# no more flash



## darkshadow (May 2, 2010)

there is will be no flash any more so dont sign any thing just ignore it until it die 
http://www.guardian.co.uk/technology/blog/2010/apr/30/microsoft-ie9-html5-video.
http://www.bit-tech.net/news/hardware/2010/04/30/apple-explains-why-no-flash-on-iphone/1.
apple + Microsoft != flash


----------



## sossego (May 2, 2010)

To me, flash is buggy; but, it has been a convenience to a lot of people. This seems to answer the question of media and still leaves the problems of games and other interactive applications.


----------



## fronclynne (May 2, 2010)

sossego said:
			
		

> To me, flash is buggy; but, it has been a convenience to a lot of people. This seems to answer the question of media and still leaves the problems of games and other interactive applications.

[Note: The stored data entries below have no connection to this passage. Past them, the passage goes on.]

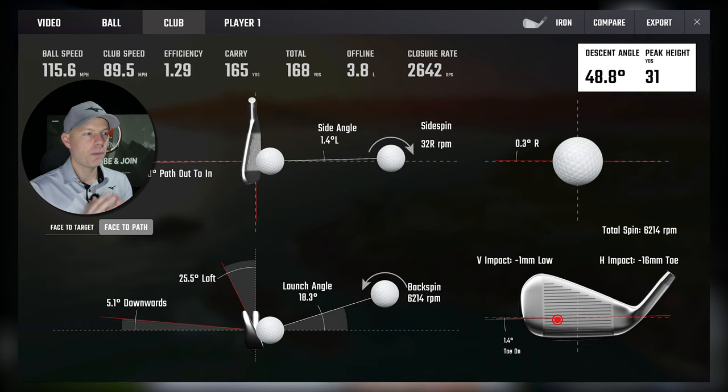Pushing it further — 16 millimeters toe, 1 mil low — that is now a very distinct miss on a blade. 1.29 efficiency, although I am de-lofting fractionally — 25.5 degrees rather than 27.7 — so about two degrees less loft delivered, which artificially increases efficiency slightly; I have to be open about that. It's going 31 yards in the air at 49 degrees descent angle, still hitting the number carry-wise. It's a very, very good iron, but quite sensitive — as a blade will be — when you start moving well off the middle.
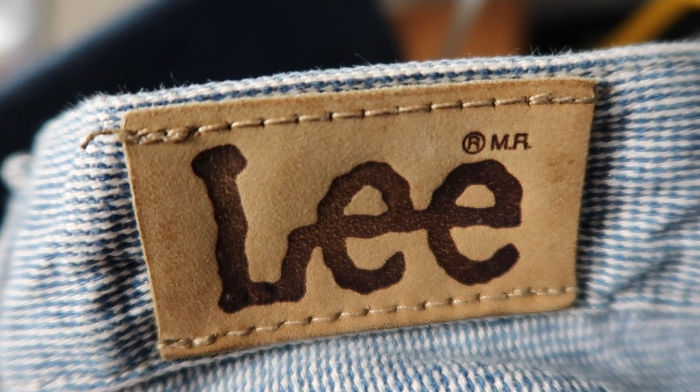In 1946 they introduced their Twitch logo, which simulates what would happen when you brand a cow — how it would twitch from the pain of the branding, making it a little bit wonky. This is also when they introduced the lazy S arcuate on the back of their jeans, and when they introduced the Lee Riders, which are pretty much the pinnacle of the Lee product line that we know today.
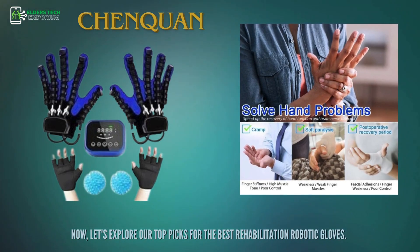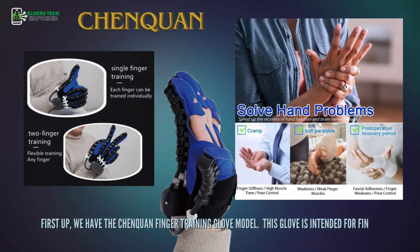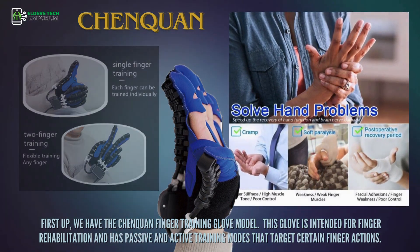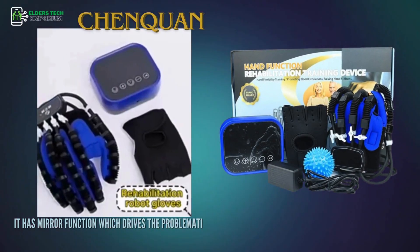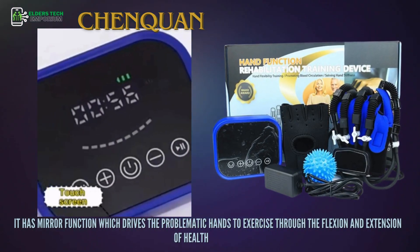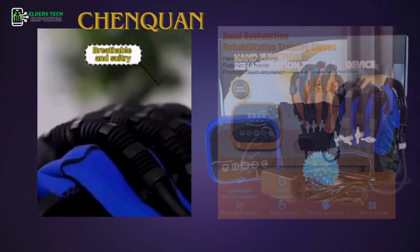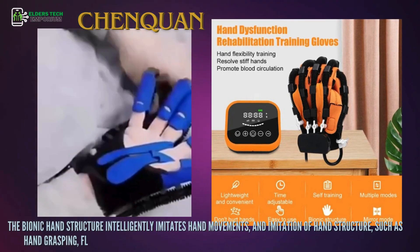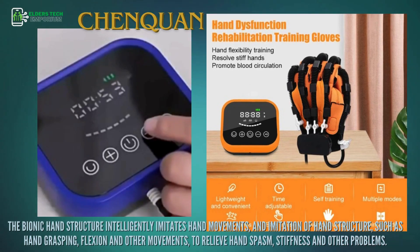First up, we have the Chenquan Finger Training Glove model. This glove is intended for finger rehabilitation and has passive and active training modes that target certain finger actions. It has a mirror function, which drives the problematic hands to exercise through the flexion and extension of healthy fingers. The bionic hand structure intelligently imitates hand movements — such as hand grasping, flexion, and other movements — to relieve hand spasm, stiffness, and other problems.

The best games and interactive applications use variations on telnet(1).  Everything else is girly-man stuff (including this).


----------



## paean (May 4, 2010)

fronclynne said:
			
		

> The best games and interactive applications use variations on telnet(1).  Everything else is girly-man stuff (including this).



If I wasn't playing that right now, I would definitely... make believe with you and live in harmony, harmony oh love!


----------